Wright offered three lessons for the congregation. He said, “What you can’t see, you are not alone.” Then he instructed everyone to say it to their neighbor on the pew. Wright’s two other lessons: God is working on your behalf. You have nothing to be afraid of.

He said black leaders who have died, like Rep. Barbara Jordan of Texas and Supreme Court Justice Thurgood Marshall, were riding in chariots of fire watching out for the congregation.

“What I learned about preaching in 53 years is to look at people’s eyes,” he said Sunday. “Sometimes the shades will slam shut. … Shades came down when we talked about Iraq.”

Wright now travels the world lecturing and preaching.

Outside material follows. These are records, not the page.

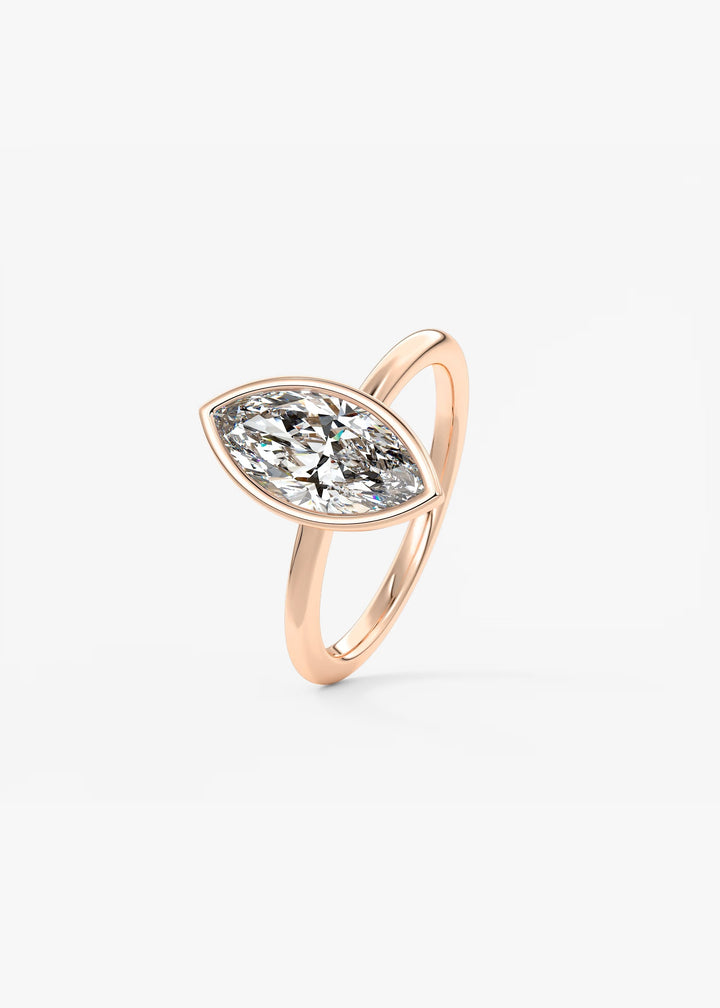 The Laurier Set With A Marquise Lab Diamond #material_rose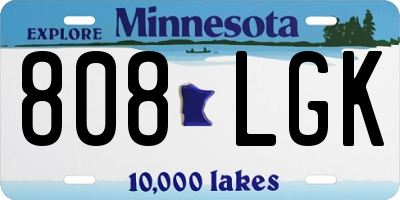MN license plate 808LGK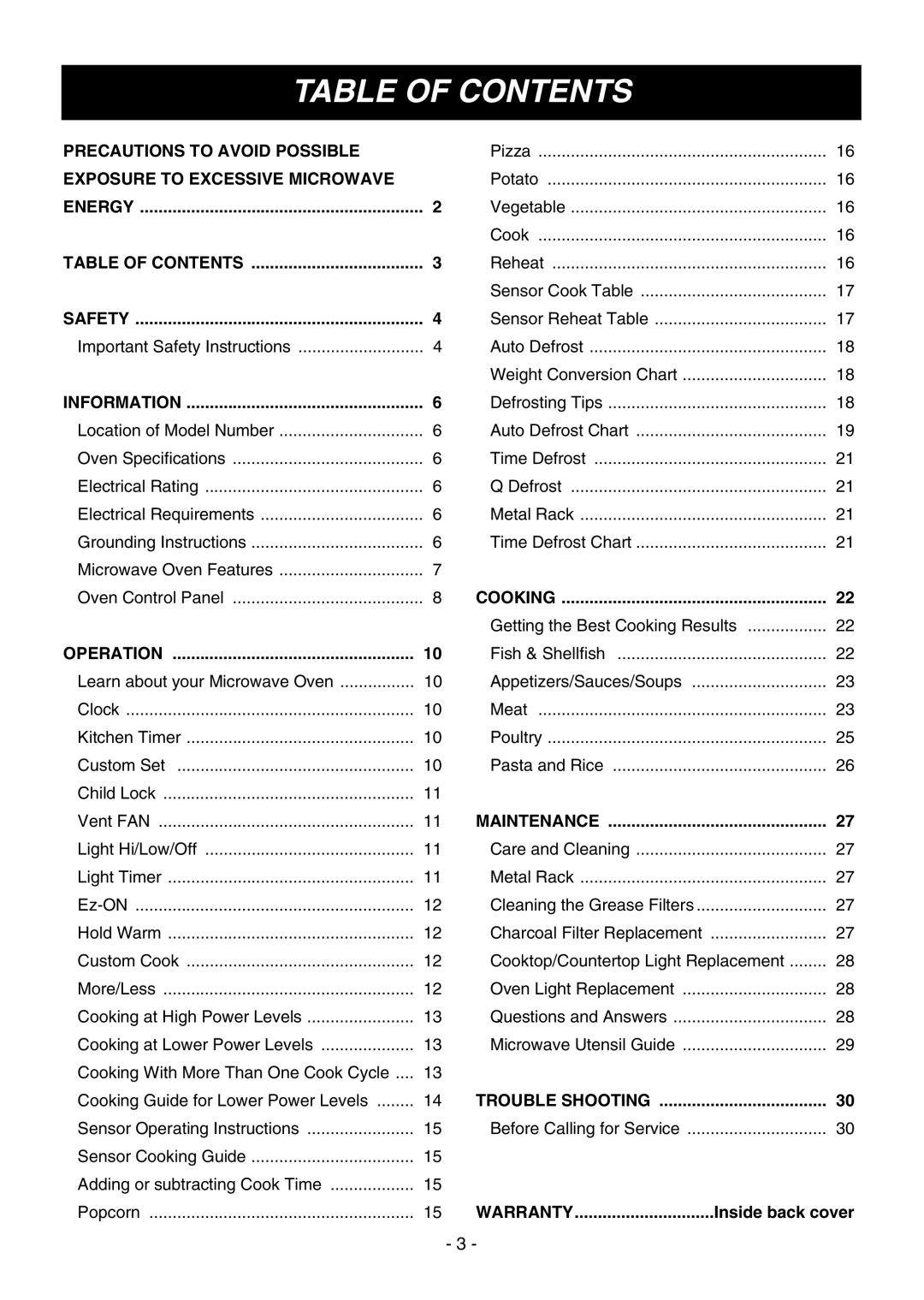 LG Electronics LMV1645SBQ, LMV1645ST, LMV1645SW owner manual Table of Contents 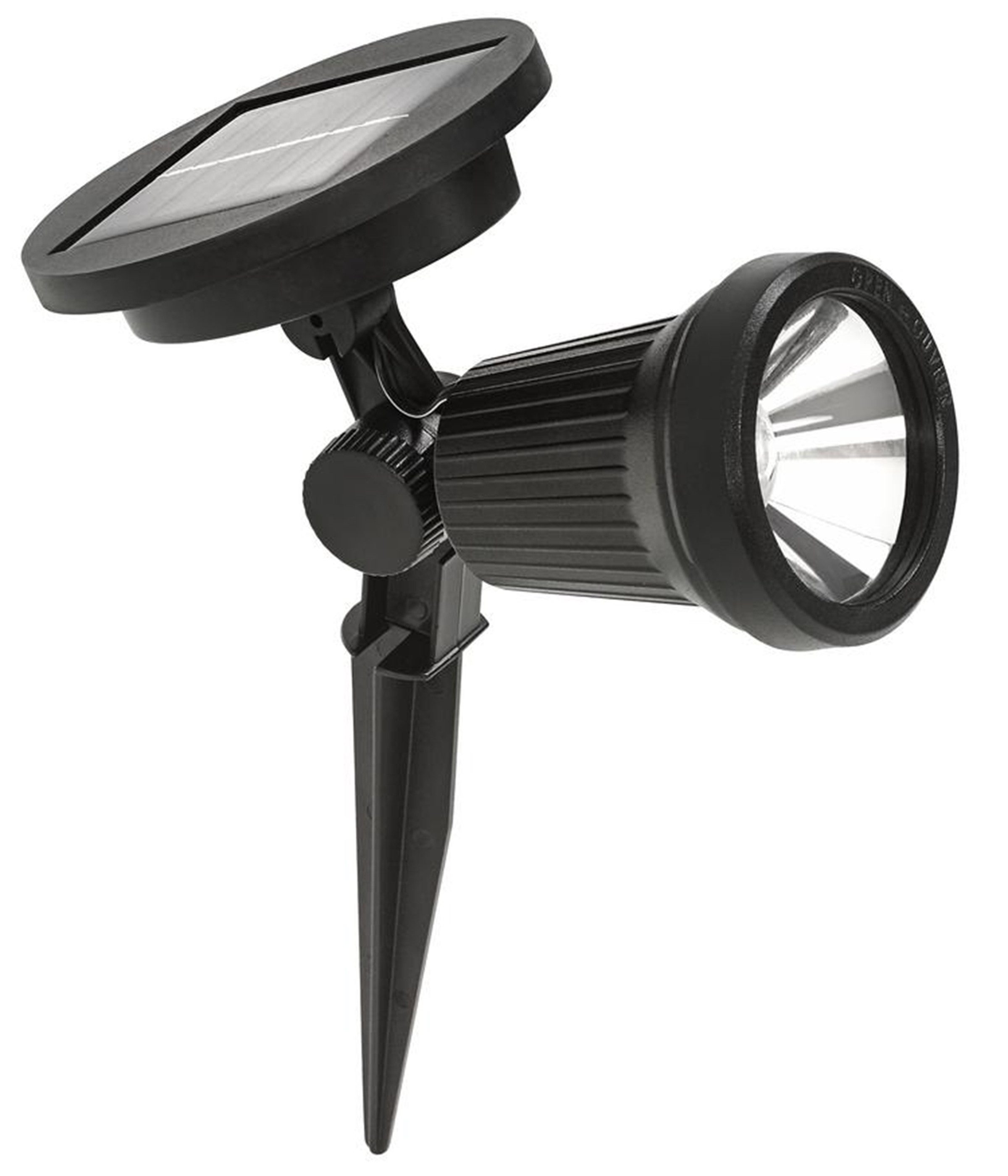 Dehner LED Solarleuchte Solar-Spot Viseu, Lichtfarbe kaltweiß, 26.5 x 11 x 11 cm, schwarz, Kaltweiß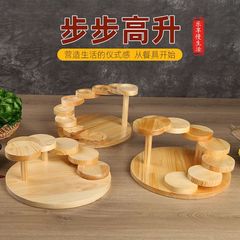 创意酒店火锅店步步高升餐具 创意餐具木质餐盘点心架多层高颜值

In early July, Wright led a tour to Egypt. Later in the month, he traveled to Africa, according to his blog, and visited Ghana, Togo and Benin as part of an annual study tour that exposes “African-Americans to the cultures, the histories and the stories of African people on the continent of Africa and African people who live in diaspora.” He is scheduled to lead another tour in December to South Africa.

His bio on his website does not mention Obama, but he still addresses political issues. In a blog post on July 13, he wrote about receiving an honorary doctorate by the Starr King School of Ministry in Berkeley, California, last year. He received it along with author and journalist Chris Hedges.

“I found him to be a man you can trust and I find all of his writings to be works that challenge you, make you think and cause you to ‘hear the voice of God’ in a new and exciting way,” Wright wrote about Hedges in July.

Wright followed with a post by Hedges titled “Obama’s Health Care Bill Is Enough to Make You Sick” from truthdig.com.

In Little Rock, Wright closed with a prayer: “When He needs me, I will follow. He will lead you in some places you don’t feel comfortable. … You are not alone.”